Miner Tool


License
MIT
Install
pip install soccminer==0.0.43a1

Documentation

Source Code Comments Miner

SoCC-Miner

SoCC-Miner (Source Code-Comments Miner), a novel tool that extracts natural language, contextual source code fragments, source code construct level attributes from raw source code and offers different data pipelines that can be easily used in different use cases in Software Engineering (Source code Summarization, Program Comprehension, Automatic Comment scoping and generation). It is novel as in it can mine and extract entity level natural language text and attributes. For example in Java project: package level, class level, interface level, method level, static block level source code comments and multiple associated attributes can be mined. At present, it supports only Java projects. It offers four different pipelines:

  • CommentsMetaAttribute (Contains basic comment info)
  • ComprehensiveCommentsAttribute (Contains extensive comment context info)
  • JavaMetaAttribute (Contains project entity attributes)
  • JavaMiner (Combines ComprehensiveCommentsAttribute and JavaMetaAttribute)

More details are available at https://m3soulu.github.io/soccminer/main.html

Installation

Not mandatory but it is recommended to create a virtualenv.

$ virtualenv -p python3 <venv_name> 
$ source <venv_name>/bin/activate

Clone the repository

$ git clone https://github.com/M3SOulu/soccminer 
$ cd soccminer

Install the dependencies.

  • srcML installation - Install the appropriate srcML client corresponding to your OS (Linux/Windows). https://www.srcml.org/#download

  • Installing soccminer will install the required dependencies and then the soccminer package.

$ pip3 install soccminer

Usage from commandline

Usage:

$ python3 bin/main.py -i /usr/local/project_repository_for_analysis/ 

Options:

  • i - (--input) Defines the input to the tool. (Mandatory argument) Can be 'local_dir' containing project repositories as sub-directories or 'Git Repo URL'.

  • l - (--language) The programming language of the project, for now only java project is handled by SoCCMiner. By default, it is set to 'java'.

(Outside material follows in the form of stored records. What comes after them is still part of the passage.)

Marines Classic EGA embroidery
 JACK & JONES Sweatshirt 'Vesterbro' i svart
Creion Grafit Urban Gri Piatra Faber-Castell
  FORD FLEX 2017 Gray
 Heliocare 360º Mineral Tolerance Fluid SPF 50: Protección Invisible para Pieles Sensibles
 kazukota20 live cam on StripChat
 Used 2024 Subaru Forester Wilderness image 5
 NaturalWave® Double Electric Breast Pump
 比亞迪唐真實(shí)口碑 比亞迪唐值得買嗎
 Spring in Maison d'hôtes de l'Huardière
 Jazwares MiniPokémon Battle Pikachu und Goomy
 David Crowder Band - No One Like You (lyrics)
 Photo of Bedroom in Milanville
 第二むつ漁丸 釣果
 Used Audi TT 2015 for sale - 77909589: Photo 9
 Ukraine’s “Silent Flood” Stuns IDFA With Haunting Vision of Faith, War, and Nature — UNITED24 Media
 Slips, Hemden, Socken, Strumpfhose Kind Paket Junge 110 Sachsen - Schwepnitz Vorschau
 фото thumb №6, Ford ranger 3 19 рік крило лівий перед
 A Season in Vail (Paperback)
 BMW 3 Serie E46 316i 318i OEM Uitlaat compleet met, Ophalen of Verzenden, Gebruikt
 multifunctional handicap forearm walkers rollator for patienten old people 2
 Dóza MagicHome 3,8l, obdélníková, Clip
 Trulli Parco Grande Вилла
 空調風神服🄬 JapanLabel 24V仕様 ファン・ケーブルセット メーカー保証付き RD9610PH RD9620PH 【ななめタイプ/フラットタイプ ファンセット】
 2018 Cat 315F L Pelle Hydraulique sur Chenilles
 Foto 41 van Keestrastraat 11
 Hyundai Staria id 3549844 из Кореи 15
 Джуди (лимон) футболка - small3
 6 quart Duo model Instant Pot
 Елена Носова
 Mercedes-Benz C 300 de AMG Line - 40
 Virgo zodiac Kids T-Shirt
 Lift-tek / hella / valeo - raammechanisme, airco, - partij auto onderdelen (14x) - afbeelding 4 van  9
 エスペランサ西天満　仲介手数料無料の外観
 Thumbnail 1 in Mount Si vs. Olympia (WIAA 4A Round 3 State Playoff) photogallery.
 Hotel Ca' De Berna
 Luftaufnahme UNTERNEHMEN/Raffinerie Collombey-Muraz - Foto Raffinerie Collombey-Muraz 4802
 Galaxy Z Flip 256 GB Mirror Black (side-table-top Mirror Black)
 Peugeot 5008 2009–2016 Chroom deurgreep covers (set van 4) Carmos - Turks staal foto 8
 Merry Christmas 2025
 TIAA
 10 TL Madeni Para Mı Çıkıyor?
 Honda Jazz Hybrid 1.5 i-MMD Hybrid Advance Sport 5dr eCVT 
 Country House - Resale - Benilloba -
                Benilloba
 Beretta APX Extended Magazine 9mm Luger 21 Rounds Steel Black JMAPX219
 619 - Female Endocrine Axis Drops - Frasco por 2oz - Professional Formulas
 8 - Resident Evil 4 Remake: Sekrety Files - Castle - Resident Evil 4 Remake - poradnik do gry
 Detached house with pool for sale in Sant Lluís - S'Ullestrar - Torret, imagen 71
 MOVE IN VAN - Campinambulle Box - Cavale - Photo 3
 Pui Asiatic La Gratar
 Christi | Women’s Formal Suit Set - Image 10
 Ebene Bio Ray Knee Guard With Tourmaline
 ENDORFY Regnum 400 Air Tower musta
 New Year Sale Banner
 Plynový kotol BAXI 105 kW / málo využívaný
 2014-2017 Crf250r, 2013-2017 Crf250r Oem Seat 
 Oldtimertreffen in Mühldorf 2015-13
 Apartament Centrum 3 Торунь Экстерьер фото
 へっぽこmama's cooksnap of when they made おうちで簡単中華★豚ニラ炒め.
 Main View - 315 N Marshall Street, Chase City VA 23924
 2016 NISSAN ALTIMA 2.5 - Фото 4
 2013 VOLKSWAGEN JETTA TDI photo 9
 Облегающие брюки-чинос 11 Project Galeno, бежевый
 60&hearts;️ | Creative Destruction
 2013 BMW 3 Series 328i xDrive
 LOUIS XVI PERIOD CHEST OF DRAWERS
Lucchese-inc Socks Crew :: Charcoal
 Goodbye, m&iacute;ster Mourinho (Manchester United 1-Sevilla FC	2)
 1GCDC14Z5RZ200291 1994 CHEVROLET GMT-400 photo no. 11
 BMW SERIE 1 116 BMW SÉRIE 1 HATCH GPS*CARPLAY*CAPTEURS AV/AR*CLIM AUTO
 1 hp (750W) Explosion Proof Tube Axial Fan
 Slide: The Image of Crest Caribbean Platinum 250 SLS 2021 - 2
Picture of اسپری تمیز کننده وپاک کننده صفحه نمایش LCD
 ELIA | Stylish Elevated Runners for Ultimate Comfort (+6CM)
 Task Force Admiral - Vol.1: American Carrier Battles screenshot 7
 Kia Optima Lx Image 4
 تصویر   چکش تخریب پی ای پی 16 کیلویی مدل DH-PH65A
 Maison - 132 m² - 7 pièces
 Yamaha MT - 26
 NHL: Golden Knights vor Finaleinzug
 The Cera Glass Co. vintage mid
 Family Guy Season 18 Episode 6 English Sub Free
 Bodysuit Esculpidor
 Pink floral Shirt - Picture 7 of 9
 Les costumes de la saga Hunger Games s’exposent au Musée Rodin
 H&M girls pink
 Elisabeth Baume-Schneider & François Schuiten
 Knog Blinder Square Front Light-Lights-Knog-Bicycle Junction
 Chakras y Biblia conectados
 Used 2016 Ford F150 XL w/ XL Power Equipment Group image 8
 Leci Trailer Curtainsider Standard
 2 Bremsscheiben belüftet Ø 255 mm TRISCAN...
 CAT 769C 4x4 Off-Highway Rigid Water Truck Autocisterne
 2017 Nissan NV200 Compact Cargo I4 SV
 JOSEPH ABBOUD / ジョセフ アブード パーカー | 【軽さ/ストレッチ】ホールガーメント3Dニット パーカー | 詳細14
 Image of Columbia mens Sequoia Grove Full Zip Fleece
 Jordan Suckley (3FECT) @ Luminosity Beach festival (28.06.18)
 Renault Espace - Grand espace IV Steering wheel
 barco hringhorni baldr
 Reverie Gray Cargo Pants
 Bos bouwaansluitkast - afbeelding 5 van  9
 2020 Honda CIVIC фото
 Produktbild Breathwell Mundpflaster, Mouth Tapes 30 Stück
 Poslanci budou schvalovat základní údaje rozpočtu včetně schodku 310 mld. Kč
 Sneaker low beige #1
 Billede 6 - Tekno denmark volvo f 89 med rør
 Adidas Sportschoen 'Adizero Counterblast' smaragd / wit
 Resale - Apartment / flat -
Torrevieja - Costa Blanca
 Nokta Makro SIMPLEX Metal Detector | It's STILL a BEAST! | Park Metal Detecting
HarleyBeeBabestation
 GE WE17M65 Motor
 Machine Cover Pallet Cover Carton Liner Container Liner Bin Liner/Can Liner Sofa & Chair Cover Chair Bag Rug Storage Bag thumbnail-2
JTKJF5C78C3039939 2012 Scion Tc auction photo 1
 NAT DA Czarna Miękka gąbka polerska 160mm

  • lvl - (--level) Defines the mining/project entity loading level. By default, it is set to 'comment'. Can be,

    • 'comment' to mine/load basic comment info,
    • 'comprehensive_comment' to mine/load comprehensive comment attributes,
    • 'project' to mine/load project attributes),
    • 'all' (for project and comprehensive attributes)
    • NOTE: While loading entities with direct_load input argument set to True, SoCCMiner expects the same mining level with which the project was mined.
  • dl - (--direct_load) If True, loads project entities from the mined entities directory containing the soccminer serialized json files. If False, mines source code projects for comments, source code entities and their attributes according to the mining level input and then loads projects entities into respective pipelines. By default, it is set to False.

  • log - (--logging) Defines the logging level. Can be one of nolog(NOLOG), info(INFO), debug(DEBUG). By default, it is 'nolog'. For other options, the log file will be created in the current working directory.
    NOTE: Enabling log creates very huge log file for huge source code repositories. Recommended enabling only for debugging as it creates huge log files. Enable it for debugging after ensuring enough disk space is available (atleast 5GB for large to very large repositories with source files greater than 25000 in a project repository).

  • o - (--output) Defines the output directory where the mined entities will be stored. By default, it is current working directory.

  • m - (--mode) Defines SoCC-Miner execution mode, can be 'single' to mine single project directory (i.e., all files and directories within input directory will be treated as a single project), or can be 'multiple' to mine multiple project directories in which all sub-directories within the input directory will be treated as separate project directories. NOTE: For GitHub repository URLs, SoCC-Miner defaults to 'single' mode. SoCC-Miner expects an input directory that contains only project directory/ies as sub-directory/ies in 'multiple' mode.

Usage from API

Refer scripts :

  1. soccminer_comments.py (for Comments Meta Attributes),
  2. soccminer_comments_attr.py (for Comprehensive Comments Attributes),
  3. soccminer_proj_attr.py (for Project Attributes) and
  4. soccminer_proj_comments_attr.py (for both comprehensive comments and project attributes).

Before execution, do not forget to change the input directories for mining and loading.

NOTE: In demo scripts, loading immediately follows mining in reality it need not be the same. One can mine the repos in one location, zip and transfer to another location, then mined_entities are unzipped and the folder location is given as input to the loading_project call, then the loaded objects serve as pipelines for AI applications.

$ python3 soccminer_comments.py

Similarly other scripts (pipelines) can be executed.